Submitted to: Agronomy Journal
Publication Type: Peer Reviewed Journal
Publication Acceptance Date: 7/24/2003
Publication Date: 1/4/2004
Citation: Fitzgerald, G.J. 2004. Portable hyperspectral tunable imaging system (phytis) - for precision agriculture. Agronomy Journal. 96:311-315. Interpretive Summary: Quantifying crop parameters through the use of remote sensing has been on-gong for several decades and has met with mixed success. Multispectral remote sensing has been used for many years to measure light in several discrete parts of the spectrum or wavebands. Hyperspectral remote sensing is an emerging technology where dozens to hundreds of narrow wavebands create a continuous spectrum of a scene permitting a more complete data set than multispectral data. A Portable Hyperspectral Tunable Imaging System (PHyTIS) is described that allows imaging of scene components such as leaves, soil, shade, and plants. The images produced from this camera system along with advanced image processing techniques permit development of spectral "signatures" of these scene components.

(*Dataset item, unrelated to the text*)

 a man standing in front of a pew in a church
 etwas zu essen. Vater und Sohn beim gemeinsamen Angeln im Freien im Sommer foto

These signature are unique spectra of each of the scene components. With these signatures, the various parts or fractions of a scene such as sunlit leaves, shaded leaves, sunlit soil, and shaded soil can be quntified. Quantification of these fractions can be used to produce crop cover maps and could be valuable as inputs to plant growth and irrigation models. Therefore, this research will benefit all growers and consumers of food and fiber.

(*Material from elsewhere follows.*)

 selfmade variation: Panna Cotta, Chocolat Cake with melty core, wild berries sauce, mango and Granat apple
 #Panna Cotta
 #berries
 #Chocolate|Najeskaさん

Technical Abstract: Hyperspectral remote sensing system can provide a contiguous spectrum of a scene made up of dozens to hundreds of narrow wavebands across the visible and near-infrared portions of the spectrum. This emerging technology provides spatial and spectral information that can be acquired simultaneously. Presented here for use in agricultural research is the Portable Hyperspectral Tunable Imaging System (PHyTIS). It is a computer-controlled, liquid-crystal-tunable-filter, digital imaging system designed to allow extraction of scene components (endmembers) for spectral mixture analysis and to unmix scenes containing typical agronomic components such as sunlit and shaded leaves and soil. Results from a scene acquired in a cotton (Gossypium sepium) field showed that scene components could be successfully unmixed and quantified. Image processing and hyperspectral remote sensing can identify endmembers to quantify crop biophysical parameters to derive fractional cover maps and could be used as inputs to plant, soil, and evapotranspiration models.